Families demand “justice, truth, and dignity”

A commemorative vigil and march to remember victims of police killings took place in Montreal last Saturday.

“Police everywhere, justice nowhere,” the crowd, consisting of victims’ family members and their supporters, chanted in French as they started their march in front of the office of the Montreal Police Brotherhood. The demonstration was organized by The Justice for Victims of Police Killings Coalition, which includes the relatives, friends, and allies of Anas Bennis, Claudio Castagnetta, Ben Matson, Quilem Registre, Gladys Tolley, and Fredy Villanueva – all of whom died as a result of police actions and interventions.

Andrea Figueroa, a representative of event co-sponsor QPIRG McGill, explained in an interview with The Daily that the coalition was formed in 2010 after the Forum Against Police Violence and Impunity was held in Montreal.

“[The families of the victims] met with a bunch of other folks who were helping organize the conference, and wanted to organize something that happened every year that was sort of in memory and to highlight the injustices that have been happening to all these families,” said Figueroa.

According to their website, the Coalition seeks “dignity, justice, and truth” because they believe that some of the investigations into the police-related deaths were inconclusive and dubious.

“The common demand they all have is that they want justice for their families, for their families’ members that have been killed, and nothing has happened yet,” said Figueroa.

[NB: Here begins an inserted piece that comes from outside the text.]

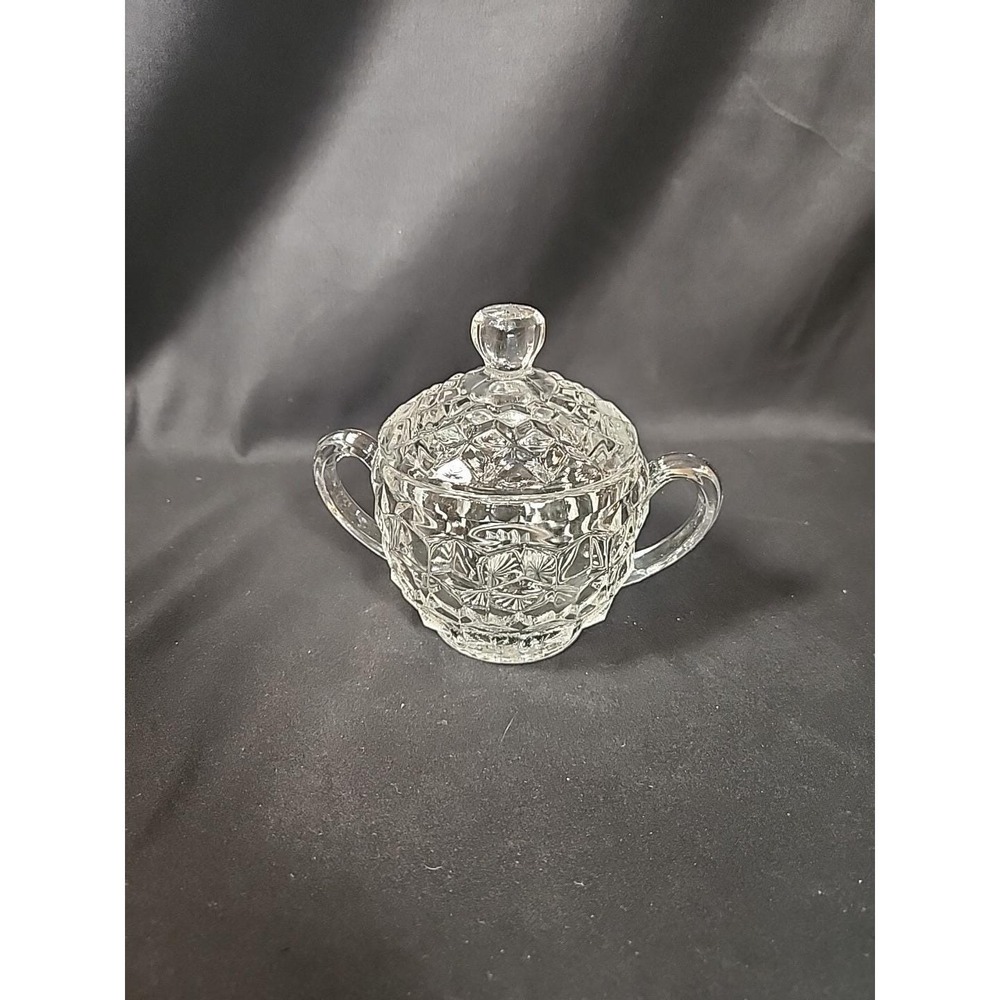Fostoria American Clear Glass Sugar Bowl w/‎ Lid 2 Handle 2056 Vintage 60s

After the march, the group gathered to express their solidarity with the families of the victims and to listen to their concerns. Julie Matson – the daughter of Ben Matson, killed by a member of the Vancouver Police Department in 2002 – addressed the crowd to express her worries about the reach of police impunity.

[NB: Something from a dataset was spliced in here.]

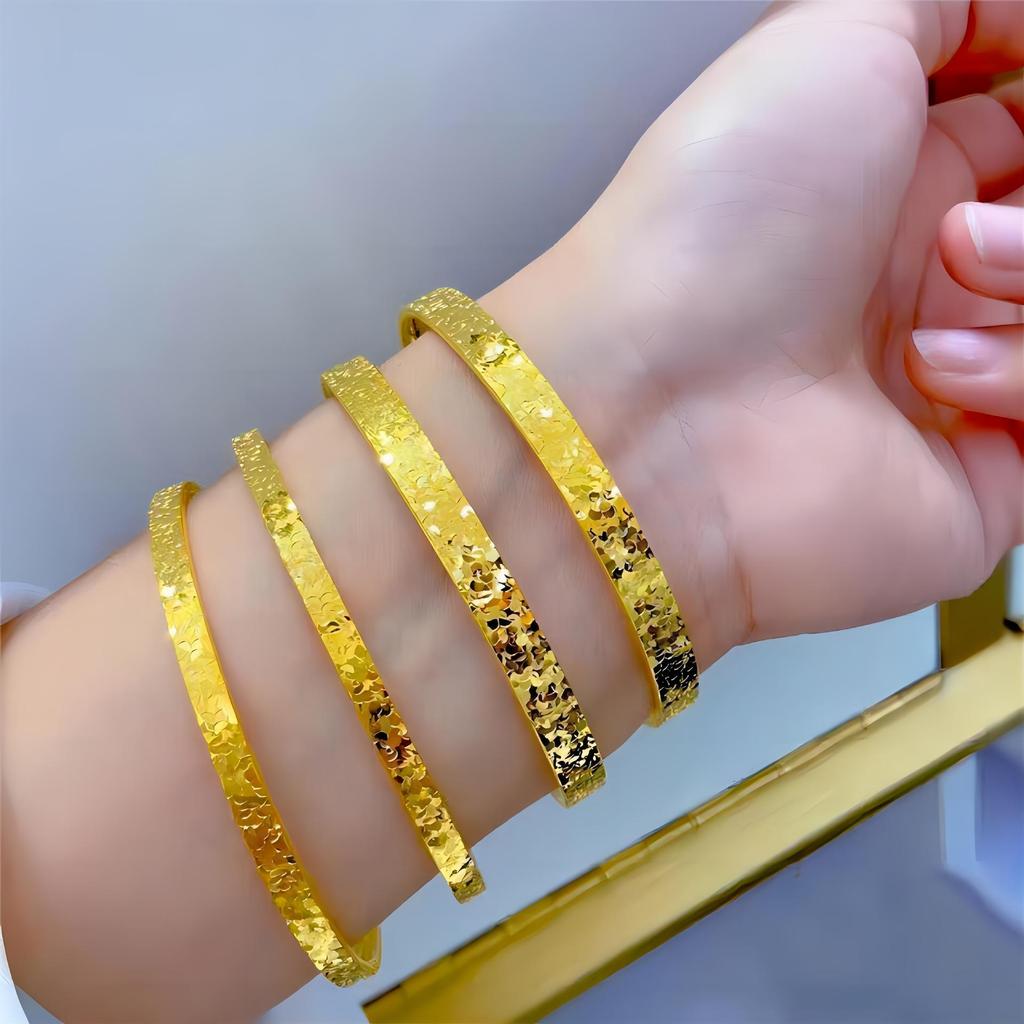 Vietnamese Sand Gold Genuine Minority Design Ice-Crushed Bangle for Women – Flashy Gift for Girlfriend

“If you look at us, we are all really normal people – this is the thing about this kind of violence, is that it affects everybody,” she said.

Lilian Madrid, the mother of Fredy Villanueva, was among the members of the Coalition that led the march down St. Denis.

“What we are asking for is justice… We want justice to be made,” said Madrid. “We want that police officer to pay for the death of my child. We are not asking for money, what we are asking for is justice.”

Madrid also told The Daily that she believed racial profiling played a part in her son’s death. “All the boys that were there…there were no Québécois,” she said. “They all were Latino and people that have come to Canada to seek refuge, people from other countries.”

Following the highly publicized investigation into Fredy Villanueva’s death, Dany Villanueva, Madrid’s other son and a key witness in the investigation, is facing deportation to Honduras.

Robyn Maynard, a social justice organizer in Montreal and Convergence des luttes anticapitalistes member involved with the march and vigil, agreed with Madrid.

“[Police brutality] happens to people who are socially profiled, people with mental health issues, people who are very poor, whose lives are not given as much value in our society,” Maynard said. “Those are the people who the police can kind of have impunity to kill because there are no repercussions.”